Plus, the very progress that makes China more dangerous makes China more vulnerable. Precision weapons make this vulnerability of factories, ports, and infrastructure more acute. For a Chinese leadership used to thinking of themselves as just a devoted mass of people virtually invulnerable to even nuclear attack, this new vulnerability may not even be fully appreciated as they revel in their new emerging power to project military forces away from the mainland. Although America’s economy is far more advanced and complicated, and hence vulnerable, we defend far away from our homeland. Any attacks on our homeland from the Chinese will be difficult to engineer and sporadic. Unless China conquers Russia’s Far Eastern provinces, South Korea, Japan, the Philippines, Vietnam, Australia, and India, China will face the prospect of defending its homeland from direct land and air attack from day one of a war.

I would not want to trade strategic positions with China no matter how much talk there is of a rising China.

And we haven’t even discussed whether the Chinese can hold the lid on a population that might want political freedoms along with its economic freedoms. Political freedom might be nice to protect their only children, too.

Or maybe China will evolve into a friendly democracy. Stranger things have happened.

I'm not in the "sky is falling" camp about China. I doubt they will surpass America in power. And if they do, not only will it be quite a while before that time arrives, but they have a lot more to worry about than we do. But, as I've said many times, China does not have to reach rough parity with America to be a threat to us and challenge our allies and forces in China's backyard. Recall that Japan in 1941 had an economy that was a tenth of America's (I'm going on memory, so don't hold me to a hard number). Yes, we won by 1945. But Japan's determination to fight on let them punch above their weight and cost us dearly to beat them even if you can say it was an "inevitable" victory based on economic disparity.

So be wary of China. Yes, we are far mor powerful and if we apply our power we can win a fight with the PLA. But they do have the capability of beating us in localized conflicts, even today. No guarantees since I can't know how each side will fight, who will fight, where the fight will be, what the fight will be about, and how determined each side will be.
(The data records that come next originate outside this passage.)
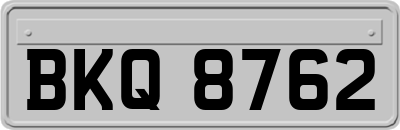 BKQ8762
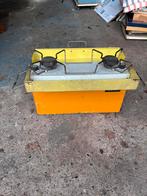 Primus kooktoestel, Caravans en Kamperen, Kampeeraccessoires, Ophalen, Gebruikt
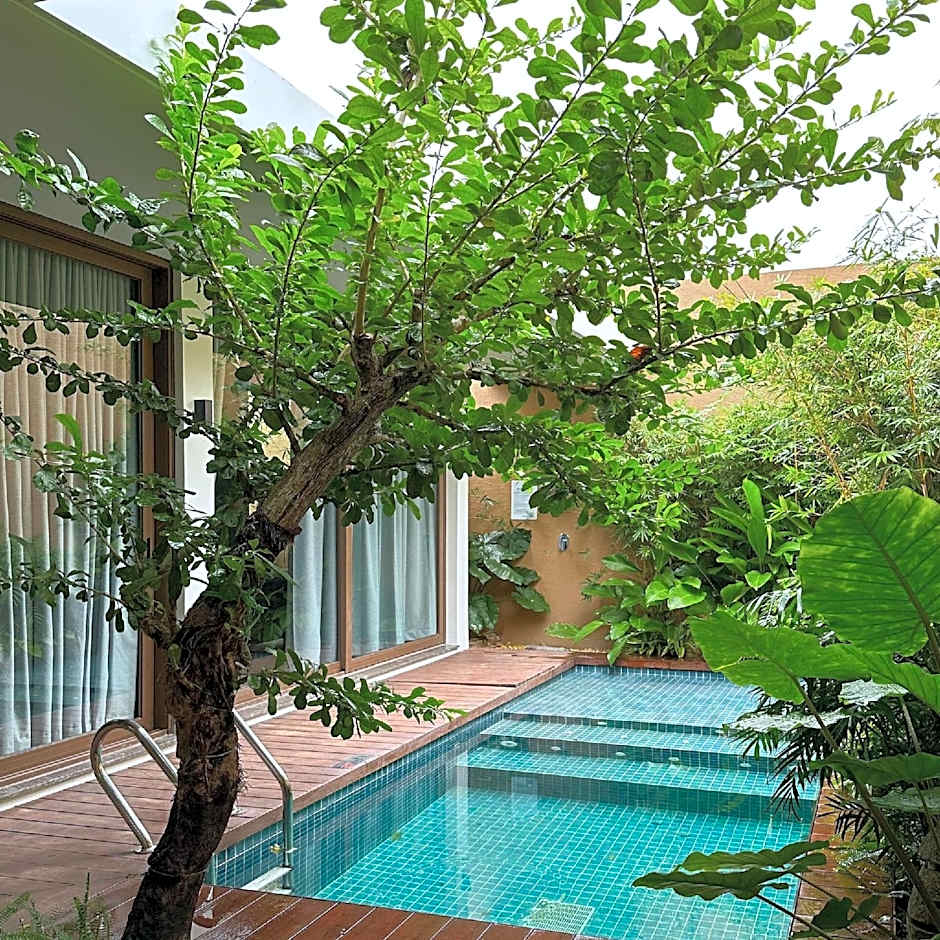 Mandala Retreats Kim Bôi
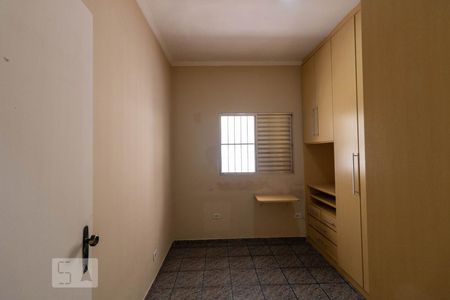 Dormitório 2 de casa à venda com 3 quartos, 150m² em Vila Homero Thon, Santo André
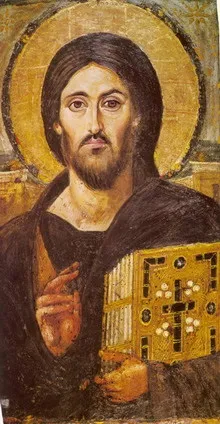 Апологія християнства перед ісламом (звіщали буде анафема) Апологія християнства перед ісламом
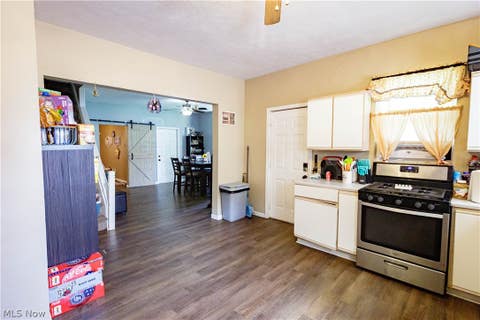 Tiny photo for 3438 Columbus Road NE, Canton, OH 44705 (MLS # 5239174)
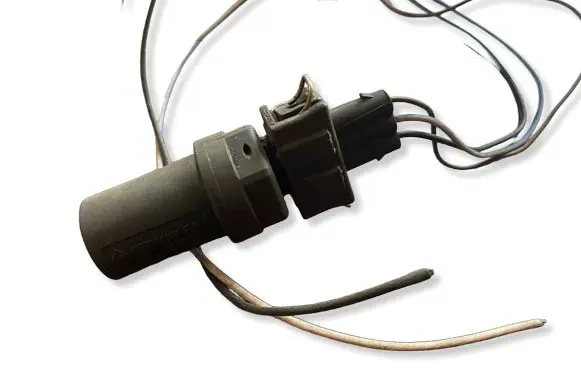 Volkswagen Golf IV ABS wheel speed sensor 357919149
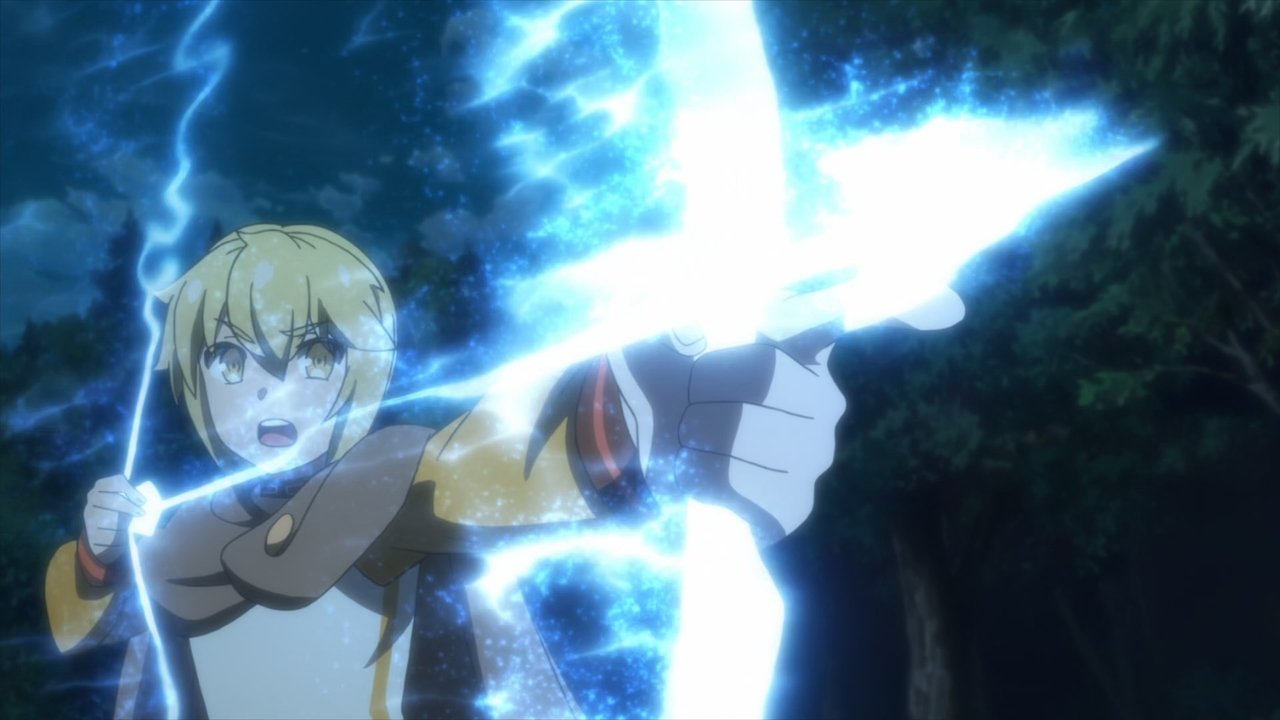 Grimoire of Zero - Season 1 Episode 9 : Reunion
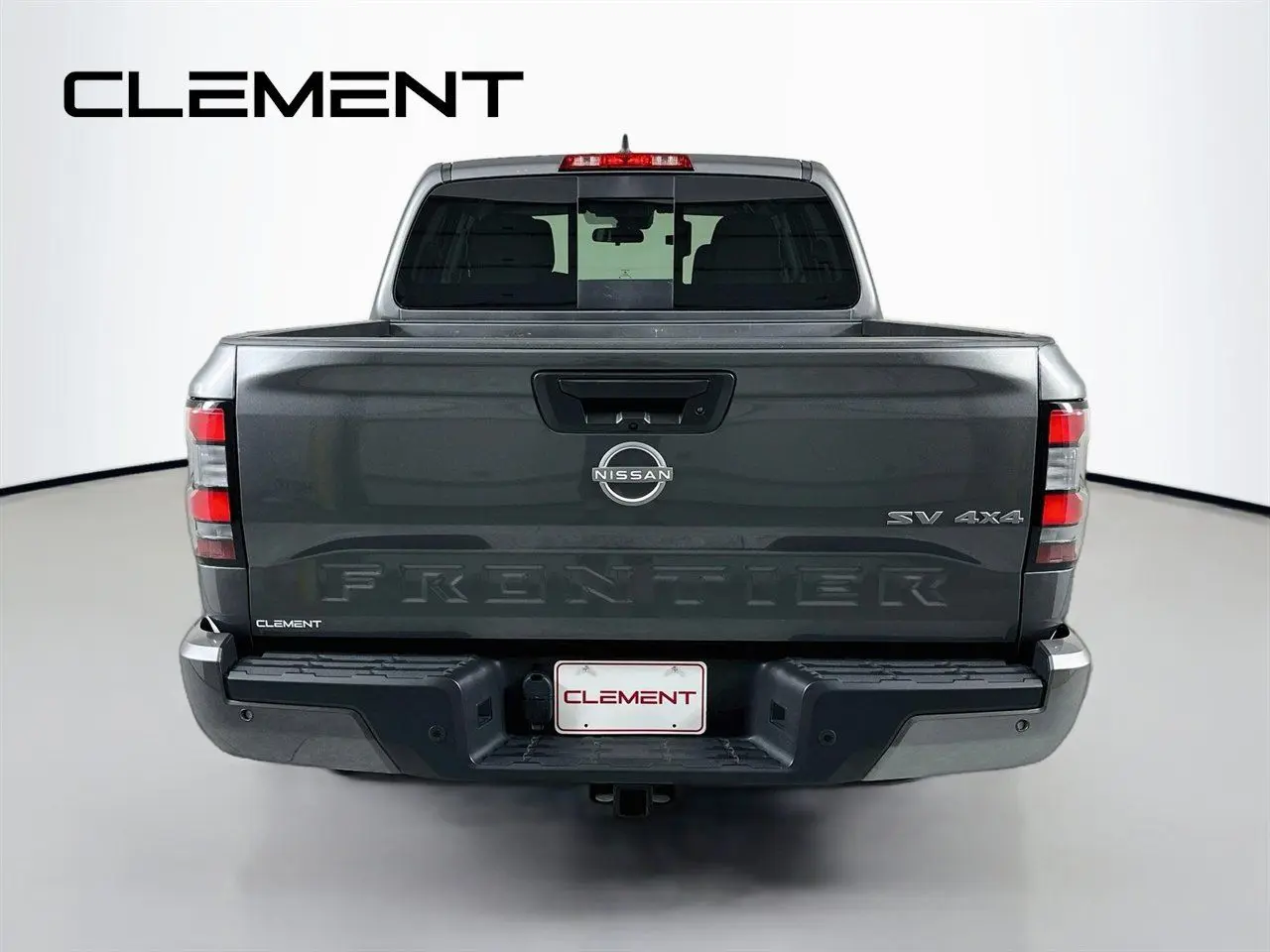 2024 Nissan Frontier - $32,017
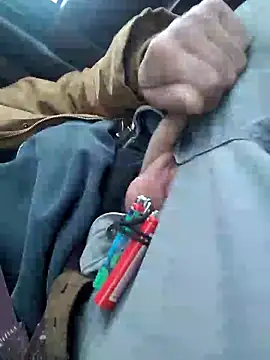 gronammo85 online show from February 20, 1:57 am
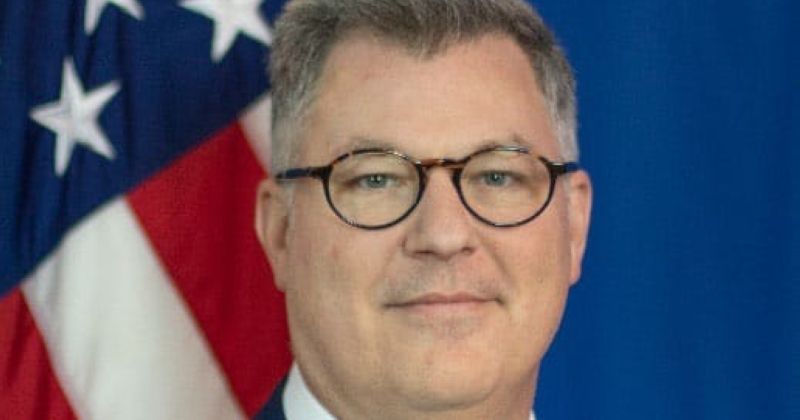 ستيفن باتلر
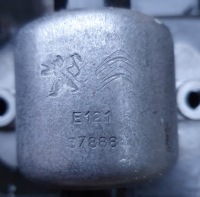 фото thumb №16, Візок балка підвішування opel corsa f vi 1,2i 19-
We need to make sure our power is strong enough to reassure allies to remain with us and to persuade others to join us. Reach out to allies and potential allies to cooperate. We aren't the only ones to worry about China's intentions and power. Japan draws closer. Australia, too. India sees advantage to joining us. Vietnam would like a friend, too. Singapore looks solid for us. I worry about South Korea but right now they are still with us. Even Russia, I think, will in time become strong enough to stop their junior appeasing partner mode. Moscow may have some vague hope that America and China will fight to bring us both down a notch compared to Russia; but in time Russia's fear of China will reassert itself. And Taiwan, too, will likely stick with us. The question is whether they will pay to defend themselves long enough to make that attitude matter. And the only situation where Taiwan might want to join China voluntarily is if China is a free democracy. Then we won't care.

But don't panic. Don't assume China will rise past us. They have lots of problems, too.